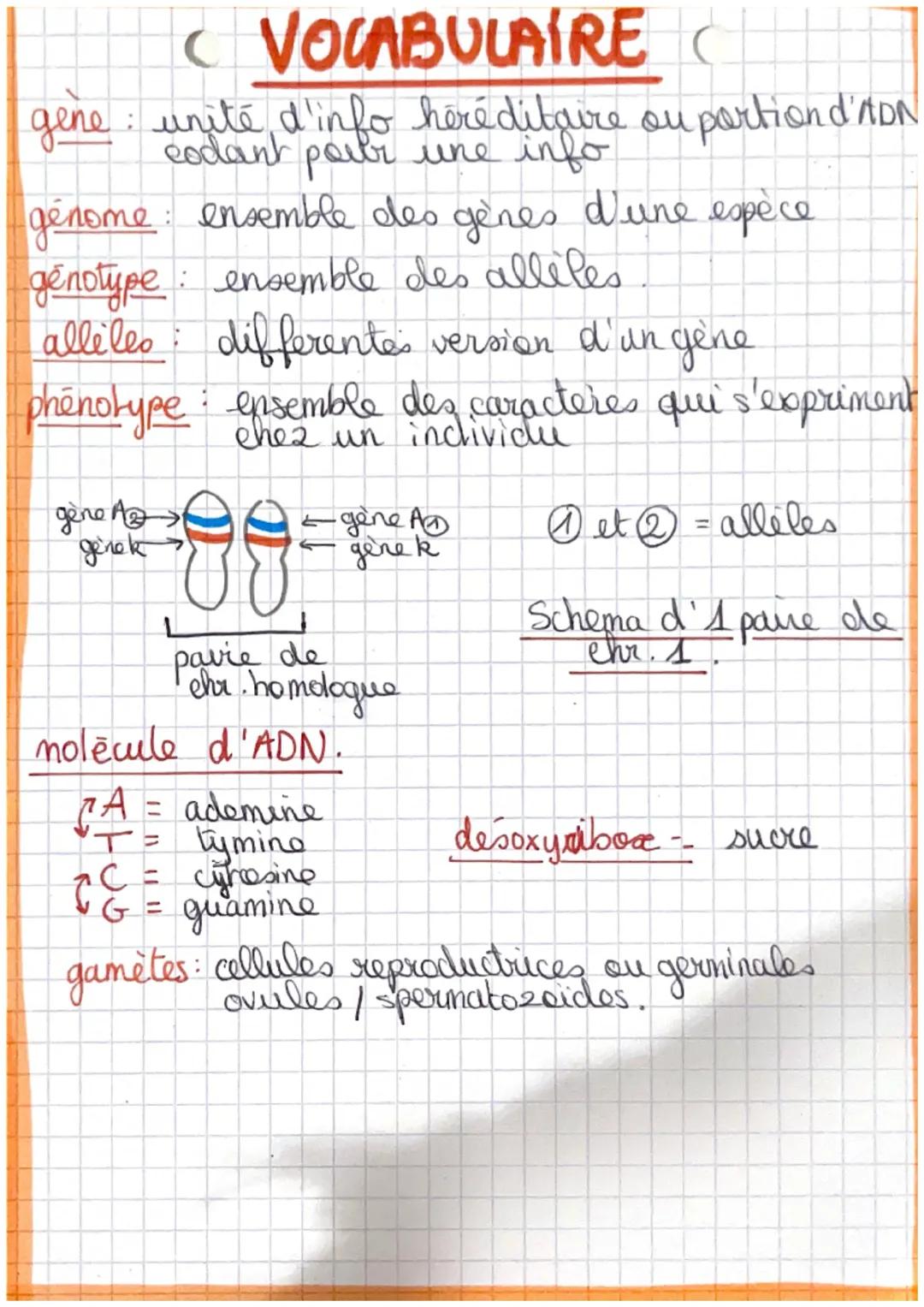 SVE
PROCARYOTES = organisme avec des cellules sans
nogau (bacterie), l'ADN dans le
cyhoplasme n'est pas protégé.
EUCARYOTES = organisme avec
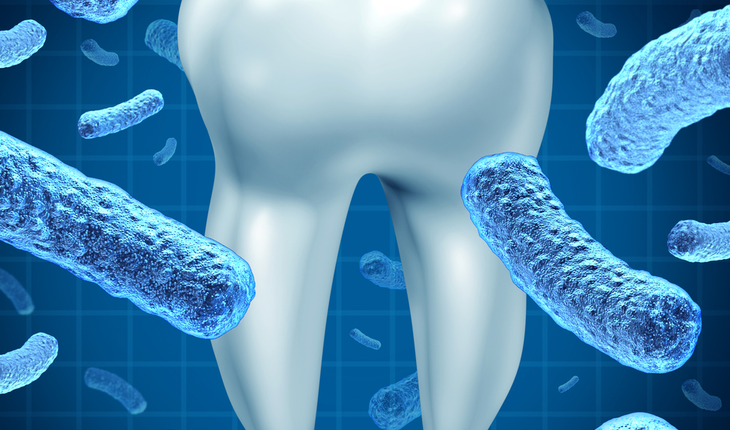 oral bacteria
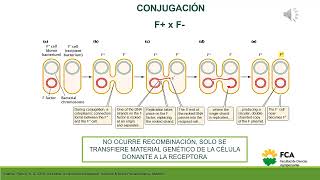 Recombinación en Bacterias Conjugación [upl. by Ludba216]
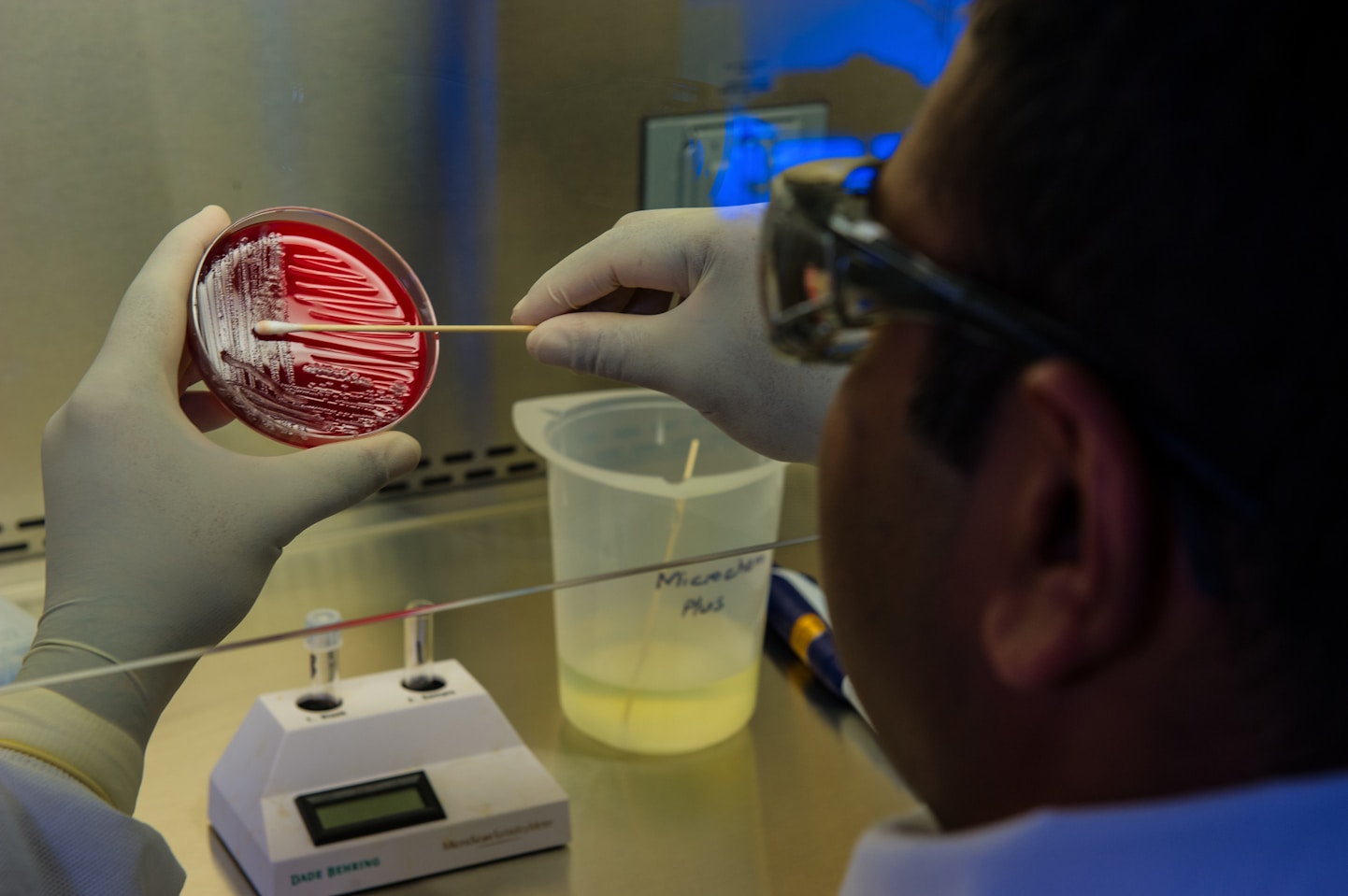 Microbial challenge testing in laboratory evaluating pathogen behavior in food products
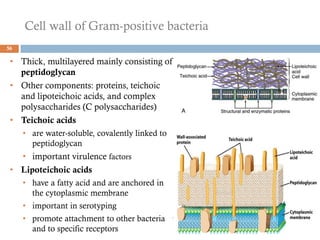 Cell wall of Gram-positive bacteria
56
• Thick, multilayered mainly consisting of
peptidoglycan
• Other components: proteins, teichoic
and lipoteichoic acids, and complex
polysaccharides (C polysaccharides)
• Teichoic acids
• are water-soluble, covalently linked to
peptidoglycan
• important virulence factors
• Lipoteichoic acids
• have a fatty acid and are anchored in
the cytoplasmic membrane
• important in serotyping
• promote attachment to other bacteria
and to specific receptors
 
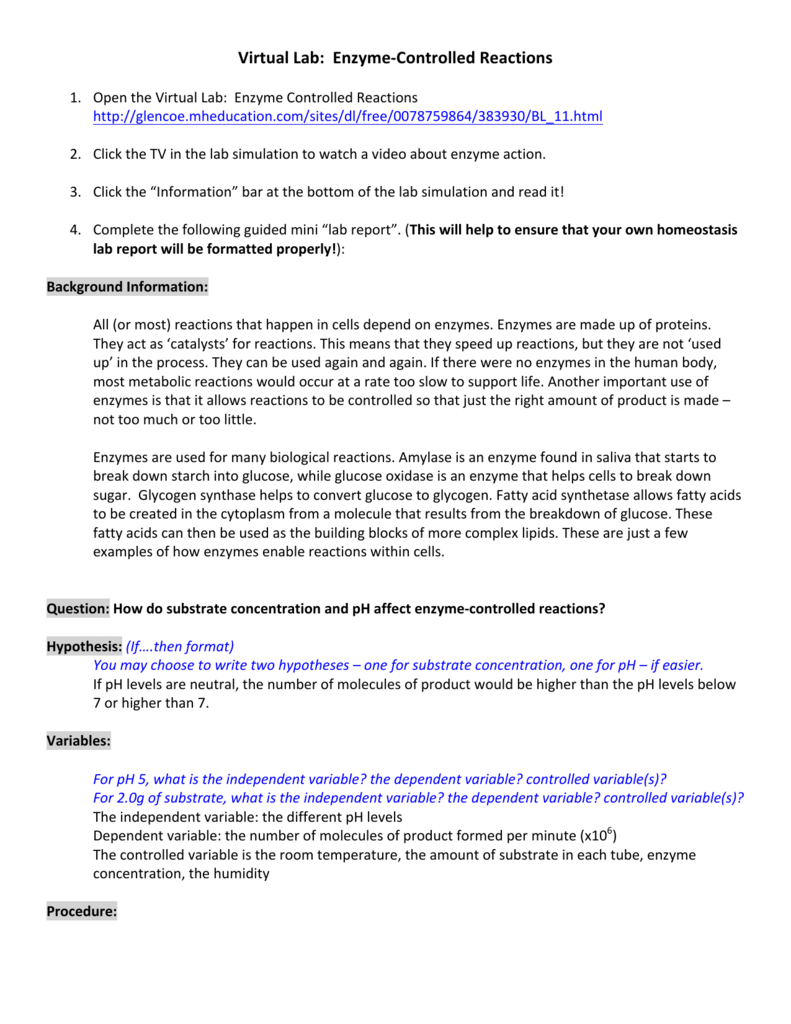 Ap Biology Enzymes At Work Worksheet Answers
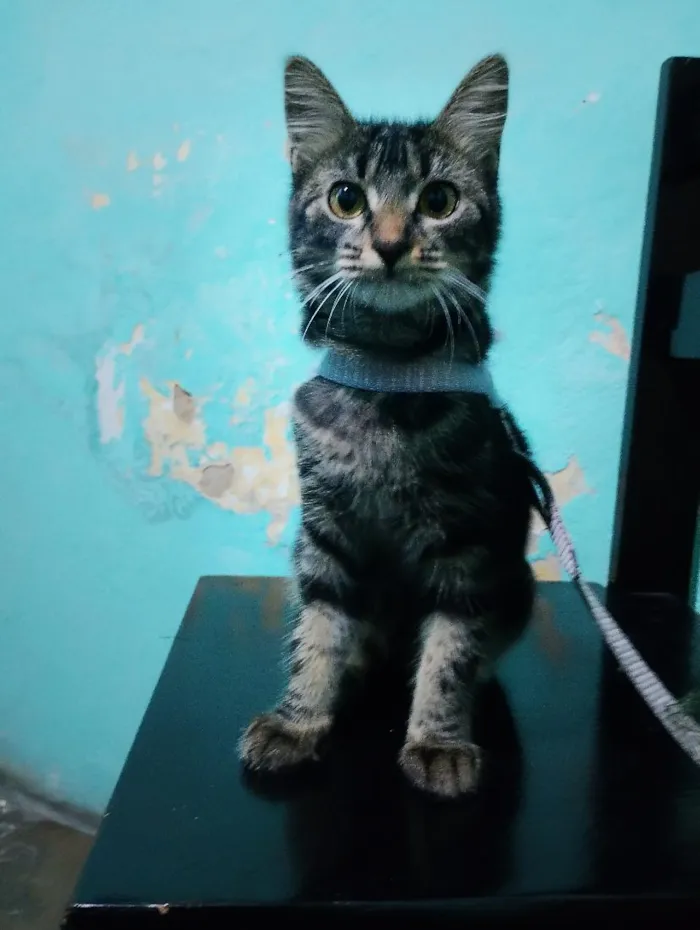 Gato raça SRD-ViraLata idade 7 a 11 meses nome Tigresa
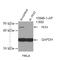 Peroxisomal biogenesis factor 3 antibody, 10946-1-AP, Proteintech Group, Western Blot image 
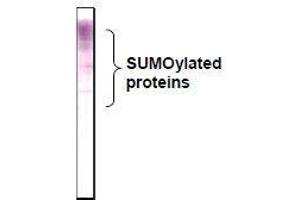 Western Blotting (WB) image for anti-Small Ubiquitin Related Modifier 2/3 (SUMO2/3) (full length) antibody (ABIN2452139) (SUMO2/3 Antikörper  (full length))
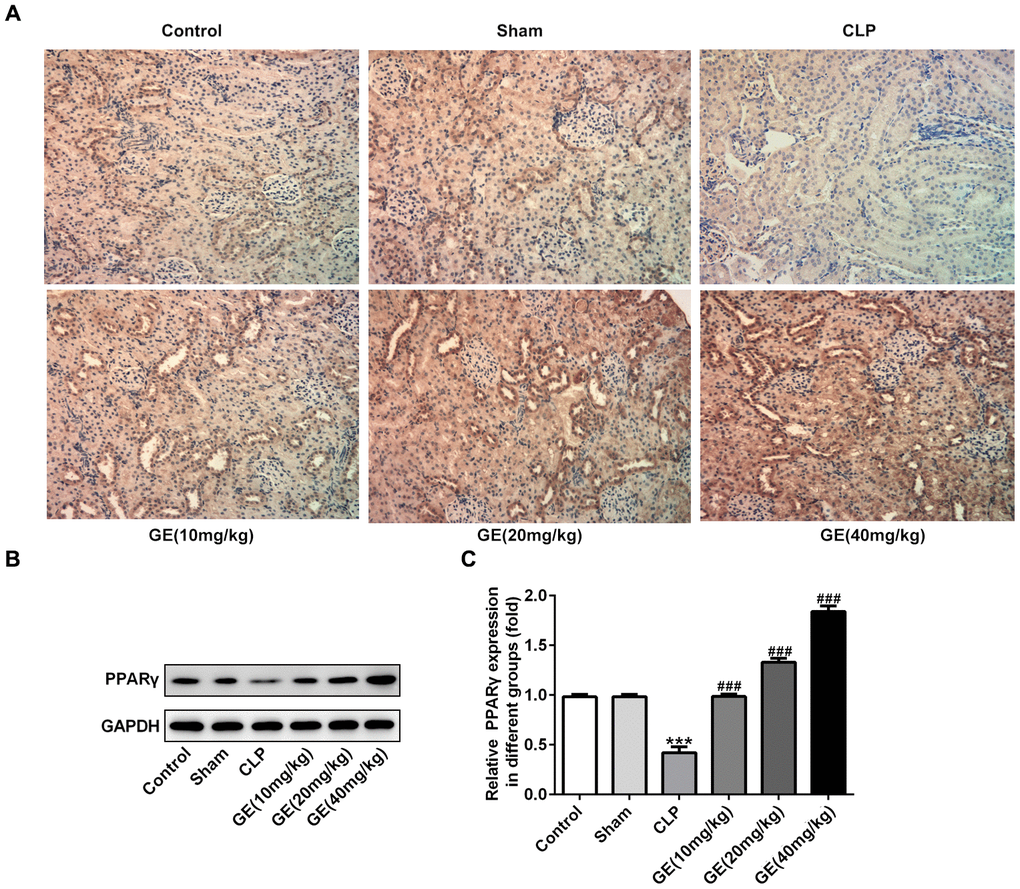 Effect of GE on PPARγ expression. The expression of PPARγ in kidney tissue of each group was determined by immunohistochemical analysis (A). Besides, western blot was performed to determine the protein expression of PPARγ (B, C). ***p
########
→ WHAT THE TASK ASKS:
Give back the whole listing exactly as it stands. Drop every picture.

→ EXERCISE RESULT:
 SVE
PROCARYOTES = organisme avec des cellules sans
nogau (bacterie), l'ADN dans le
cyhoplasme n'est pas protégé.
EUCARYOTES = organisme avec
 oral bacteria
 Recombinación en Bacterias Conjugación [upl. by Ludba216]
 Microbial challenge testing in laboratory evaluating pathogen behavior in food products
 Cell wall of Gram-positive bacteria
56
• Thick, multilayered mainly consisting of
peptidoglycan
• Other components: proteins, teichoic
and lipoteichoic acids, and complex
polysaccharides (C polysaccharides)
• Teichoic acids
• are water-soluble, covalently linked to
peptidoglycan
• important virulence factors
• Lipoteichoic acids
• have a fatty acid and are anchored in
the cytoplasmic membrane
• important in serotyping
• promote attachment to other bacteria
and to specific receptors
 
 Ap Biology Enzymes At Work Worksheet Answers
 Gato raça SRD-ViraLata idade 7 a 11 meses nome Tigresa
 Peroxisomal biogenesis factor 3 antibody, 10946-1-AP, Proteintech Group, Western Blot image 
 Western Blotting (WB) image for anti-Small Ubiquitin Related Modifier 2/3 (SUMO2/3) (full length) antibody (ABIN2452139) (SUMO2/3 Antikörper  (full length))
 Effect of GE on PPARγ expression. The expression of PPARγ in kidney tissue of each group was determined by immunohistochemical analysis (A). Besides, western blot was performed to determine the protein expression of PPARγ (B, C). ***p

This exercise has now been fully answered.